Nearly every day, babies are born at UF Health Shands Hospital and North Florida Regional Medical Center. Parents then get to decide whether to donate their cord blood to LifeCord, knowing it can help but never seeing the impact it can make.
Sarah White of Lake City wants moms and moms-to-be to know just how important that decision is. Every day, when she looks at her daughter Gracie, she sees the miracle of cord blood at work.
Sarah says Gracie came into the world screaming and seldom stopped. She didn’t sleep, was super sensitive to light and wasn’t hitting the growth milestones her doctors expected. When she was six months old, she was diagnosed with a rare genetic disorder called Hurler syndrome that left her lacking a key enzyme.
“Basically, her body was poisoning itself,” said Jim White, Gracie’s father.
Doctors said the only possibility of a cure was a marrow transplant, and Gracie’s best chance was a transplant using cord blood. The blood left inside the umbilical cord is rich with the same kind of blood-producing cells found in bone marrow. It can be used by patients in need of a marrow transplant for the treatment of diseases such as leukemia, sickle cell anemia, multiple myeloma and Hurler syndrome.
“I’m not sure I had ever heard of a cord blood transplant at that time. I don’t even think I knew it was an option for what was happening,” Sarah said.
On May 8, 2008, at the age of 10 months, Gracie received her transplant in Minneapolis.
“It was terrifying. On the other hand, we knew what the alterative was: She was facing a very difficult and painful short life without the cord blood transplant and death by the age of 10,” Sarah said.
Jim said the change in Gracie was immediate. The constant screaming and crying stopped. For the first time, she slept through the night.
“We had someone who could reciprocate love to us,” Jim said.
LifeCord is the public umbilical cord bank operated by LifeSouth Community Blood Centers. It’s one of only five FDA-licensed cord blood banks in the country. Mothers with babies born at UF Health Shands Hospital and North Florida Regional Medical Center can donate with LifeCord.

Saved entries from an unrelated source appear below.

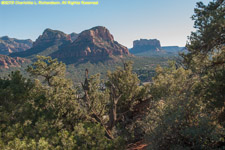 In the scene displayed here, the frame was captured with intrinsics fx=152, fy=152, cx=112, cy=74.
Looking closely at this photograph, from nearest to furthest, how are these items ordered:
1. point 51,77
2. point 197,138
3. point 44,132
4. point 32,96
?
point 197,138, point 44,132, point 32,96, point 51,77

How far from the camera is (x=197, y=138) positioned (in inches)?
286

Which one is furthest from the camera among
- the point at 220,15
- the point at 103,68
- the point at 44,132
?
the point at 103,68

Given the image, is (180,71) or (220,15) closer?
(220,15)

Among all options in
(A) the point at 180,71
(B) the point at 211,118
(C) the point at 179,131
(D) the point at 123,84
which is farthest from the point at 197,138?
(A) the point at 180,71

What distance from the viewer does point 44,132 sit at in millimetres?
9633

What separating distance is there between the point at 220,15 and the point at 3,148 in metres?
13.5

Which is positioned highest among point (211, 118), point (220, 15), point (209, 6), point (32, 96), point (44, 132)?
point (209, 6)

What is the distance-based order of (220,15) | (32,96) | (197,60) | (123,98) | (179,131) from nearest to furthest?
(179,131)
(220,15)
(197,60)
(32,96)
(123,98)

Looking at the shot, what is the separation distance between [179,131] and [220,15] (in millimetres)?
6815

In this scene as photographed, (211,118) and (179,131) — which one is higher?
(211,118)

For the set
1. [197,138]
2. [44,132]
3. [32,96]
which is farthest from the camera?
[32,96]

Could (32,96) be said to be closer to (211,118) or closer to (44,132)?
(44,132)

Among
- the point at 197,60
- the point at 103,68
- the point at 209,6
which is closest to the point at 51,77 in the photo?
the point at 197,60

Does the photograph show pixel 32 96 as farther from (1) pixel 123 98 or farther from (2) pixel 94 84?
(1) pixel 123 98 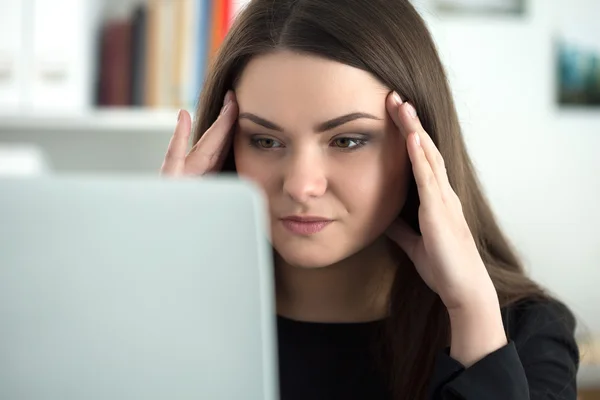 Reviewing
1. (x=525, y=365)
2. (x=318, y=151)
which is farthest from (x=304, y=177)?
(x=525, y=365)

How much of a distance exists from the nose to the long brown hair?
128 millimetres

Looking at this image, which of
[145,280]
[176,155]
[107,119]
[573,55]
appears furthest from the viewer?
[573,55]

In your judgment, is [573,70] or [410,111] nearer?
[410,111]

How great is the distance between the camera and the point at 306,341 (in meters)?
1.12

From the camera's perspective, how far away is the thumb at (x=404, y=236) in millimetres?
1041

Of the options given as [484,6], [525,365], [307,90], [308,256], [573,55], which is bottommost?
[525,365]

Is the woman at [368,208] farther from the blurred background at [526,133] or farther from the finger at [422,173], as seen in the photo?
the blurred background at [526,133]

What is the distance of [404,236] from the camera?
1060mm

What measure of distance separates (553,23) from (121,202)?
2.25 meters

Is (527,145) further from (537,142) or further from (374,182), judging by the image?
(374,182)

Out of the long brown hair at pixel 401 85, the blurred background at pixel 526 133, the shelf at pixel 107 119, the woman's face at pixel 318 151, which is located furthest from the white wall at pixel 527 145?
the woman's face at pixel 318 151

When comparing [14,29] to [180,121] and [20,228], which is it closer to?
[180,121]

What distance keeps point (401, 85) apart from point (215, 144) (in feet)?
0.85

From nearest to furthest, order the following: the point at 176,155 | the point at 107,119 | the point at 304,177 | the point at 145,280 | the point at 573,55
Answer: the point at 145,280 → the point at 304,177 → the point at 176,155 → the point at 107,119 → the point at 573,55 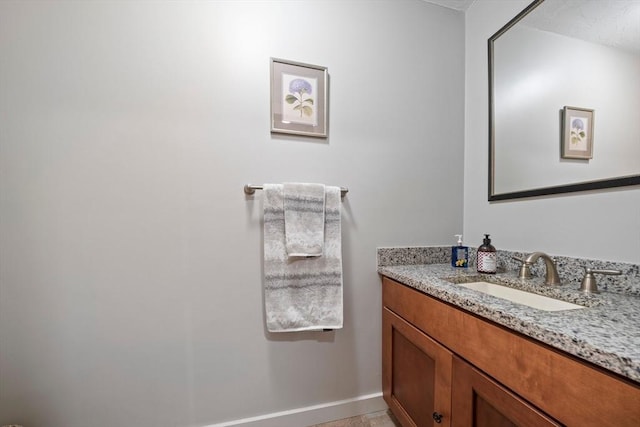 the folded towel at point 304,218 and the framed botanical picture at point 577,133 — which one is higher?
the framed botanical picture at point 577,133

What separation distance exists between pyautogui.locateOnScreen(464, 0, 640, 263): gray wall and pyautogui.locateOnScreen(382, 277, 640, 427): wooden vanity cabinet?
0.57 metres

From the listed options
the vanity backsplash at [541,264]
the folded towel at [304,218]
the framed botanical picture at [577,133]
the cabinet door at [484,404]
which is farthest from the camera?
the folded towel at [304,218]

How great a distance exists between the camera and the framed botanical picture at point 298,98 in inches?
45.7

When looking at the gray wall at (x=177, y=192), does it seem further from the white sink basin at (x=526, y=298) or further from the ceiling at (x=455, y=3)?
the white sink basin at (x=526, y=298)

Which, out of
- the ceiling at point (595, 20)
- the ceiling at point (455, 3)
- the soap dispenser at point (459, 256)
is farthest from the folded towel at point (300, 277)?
the ceiling at point (455, 3)

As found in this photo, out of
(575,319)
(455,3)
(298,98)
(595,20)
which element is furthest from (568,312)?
(455,3)

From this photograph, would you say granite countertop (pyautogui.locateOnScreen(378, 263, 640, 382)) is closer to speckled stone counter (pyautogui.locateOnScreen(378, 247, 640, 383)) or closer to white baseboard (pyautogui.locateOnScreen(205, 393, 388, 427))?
speckled stone counter (pyautogui.locateOnScreen(378, 247, 640, 383))

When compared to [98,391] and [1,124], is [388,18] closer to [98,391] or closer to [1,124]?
[1,124]

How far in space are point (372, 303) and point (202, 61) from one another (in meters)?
1.40

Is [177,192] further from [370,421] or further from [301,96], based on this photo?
[370,421]

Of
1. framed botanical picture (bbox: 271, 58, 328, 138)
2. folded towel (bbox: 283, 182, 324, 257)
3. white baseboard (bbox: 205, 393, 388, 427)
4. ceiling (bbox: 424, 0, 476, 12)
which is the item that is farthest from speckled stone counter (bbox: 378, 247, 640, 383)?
ceiling (bbox: 424, 0, 476, 12)

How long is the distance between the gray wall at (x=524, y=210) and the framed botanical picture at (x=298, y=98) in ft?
2.79

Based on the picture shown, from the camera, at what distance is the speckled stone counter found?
1.51ft

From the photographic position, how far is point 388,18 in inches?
51.6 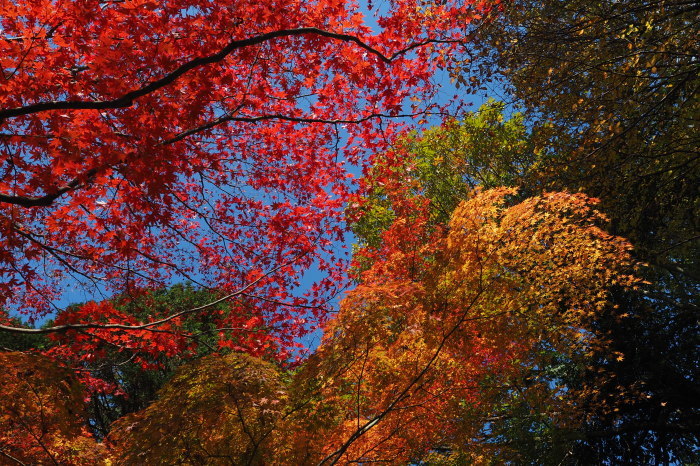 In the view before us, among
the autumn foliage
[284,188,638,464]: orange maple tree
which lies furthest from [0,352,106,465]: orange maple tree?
[284,188,638,464]: orange maple tree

“With more moms donating and a greater diversity of donors, even more lives can be saved,” said LifeCord Manager of Outreach and Collections Megan Arthur. “Donating with LifeCord is easy. It’s safe and painless for mom and baby, and it’s free.”
Today, Gracie is a happy and healthy 8-year-old. She is an A-B honor roll student whose third-grade classmates may never know of her challenging start in life. She’s also a big sister to little brother Hank, 2, who doesn’t have the disease.
Sarah is changed as well. After caring for Gracie and seeing the many doctors and nurses in action, she switched from a career in real estate to nursing. After working for five years as an LPN, she is now back in school studying to be an RN.
It’s the happy beginning to a story made possible because a mother who Sarah White knows she’ll never get to meet made the decision to donate her baby’s umbilical cord blood.
“That small choice on her part made the biggest impact on our lives by providing us with our little girl and giving her a chance to have a normal life,” Sarah said. “Thank you, LifeCord, for all you do to give just one child a chance for a better life.”
Mom Urges Expecting Parents to Donate Cord Blood
Like many moms who have their babies in Gainesville, Erin Marken made the decision to donate cord blood to LifeCord when her daughter and son were born.
Now, Marken has taken her donation a step further. She urges others to give, thanks to a scary nudge of perspective delivered by her son, Landyn Carter.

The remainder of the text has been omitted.